Uma hora antes do pôr do sol do dia 11 de setembro, os vigias holandeses avistaram a esquadra luso-espanhola na altura do arquipélago dos Abrolhos. A esquadra de D. Antônio de Oquendo seguia bastante reforçada, com 17 galeões, 12 caravelas e 24 navios mercantes – que seguiam carregados de açúcar – totalizando 53 navios. Embora sua armada possuísse apenas dezesseis navios de guerra, o almirante holandês Adriaen Pater não conseguiu, ao entardecer e à distância, avaliar corretamente o tamanho da frota luso-espanhola e julgou que se tratava de um poder naval equivalente ao seu. Com efeito, ao cair da noite o comandante neerlandês convocou os capitães dos navios para um conselho de guerra a bordo do navio capitânia Prins Willelm, onde decidiu manter o contato com a esquadra inimiga e dar combate aos navios portugueses e espanhóis na manhã seguinte, atacando-os aos pares. Johannes de Laet descreveu as providências tomadas por Pater com vistas à preparação do combate para o dia seguinte:
“No dia 11, o general avistou a frota espanhola uma hora antes do pôr do sol, a sul-sueste e a sueste.

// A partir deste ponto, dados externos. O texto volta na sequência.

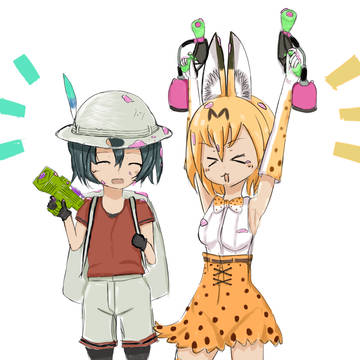 わかばんちゃんとマニューバルちゃん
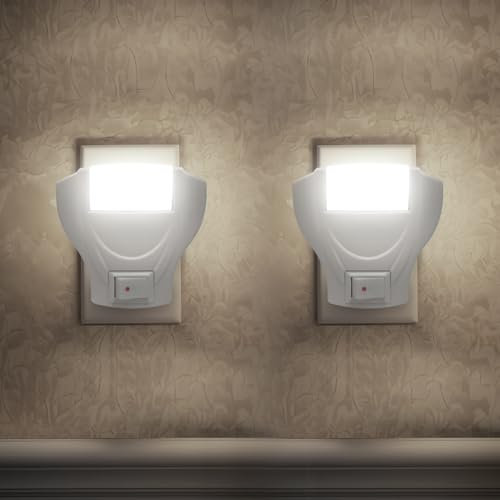 EXTRASTAR Luce Notturna Bambini, 2 Pezzi 6500k Luce Notturna Da Presa, Plug And Play,Sicuro Ed Ecologici,luce Led Lampada Notturna Per Corridoio, Cucina, Scale, Cucina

Então o general avisou seus barcos com as bandeiras e também despachou o iate Nieuw Nederlandt, que corria atrás da nau capitânia, para todos os demais navios com instruções para que se preparassem para a ação e para que se mantivessem juntos. Navegaram de sueste a sul a noite inteira, em noite de lua clara. Assim, ao amanhecer, a frota espanhola estaria posicionada a este-sueste da esquadra. Os espanhóis tinham a força de 53 navios, até onde se podia contar. O general Pater, então a um quarto de milha do inimigo, convidou todos os capitães a bordo do seu navio e deu ordens para que acostassem todos os galeões espanhóis dois a dois contava com 16 vasos e iates e estava incorretamente informado sobre a força inimiga, acreditando na existência de apenas oito galeões na frota, e admoestou fortemente cada homem a agir valentemente, pois todo o bem-estar da Companhia e a honra da marinha dependiam disso.”
D. Antônio de Oquendo, comandante da esquadra luso-espanhola
Ao amanhecer do dia 12 de setembro de 1631, os holandeses se
surpreenderam com o tamanho da armada luso-espanhola, mas, mesmo em
inferioridade numérica, Pater ordenou o início do ataque. No entanto,
diante da superioridade dos espanhóis, muitos capitães holandeses se
omitiram e conservaram seus navios fora do alcance dos canhões inimigos
e, até mesmo, recusaram o combate. O Prins Willelm, comandado pelo
próprio almirante Pater e o Walcheren lançaram-se contra o
galeão-capitânia de Oquendo, o Santiago de Oliste, enquanto o
almirante Maerten Thyssen dirigiu seu ataque contra o San Antonio,
navio do almirante D. Francisco de Vallencilla. Thyssen foi bem
sucedido em sua investida e conseguiu afundar o San Antonio com grande
perda de vidas entre os espanhóis – dos 400 tripulantes do galeão,
cerca de 250 morreram –, inclusive o almirante Vallencilla.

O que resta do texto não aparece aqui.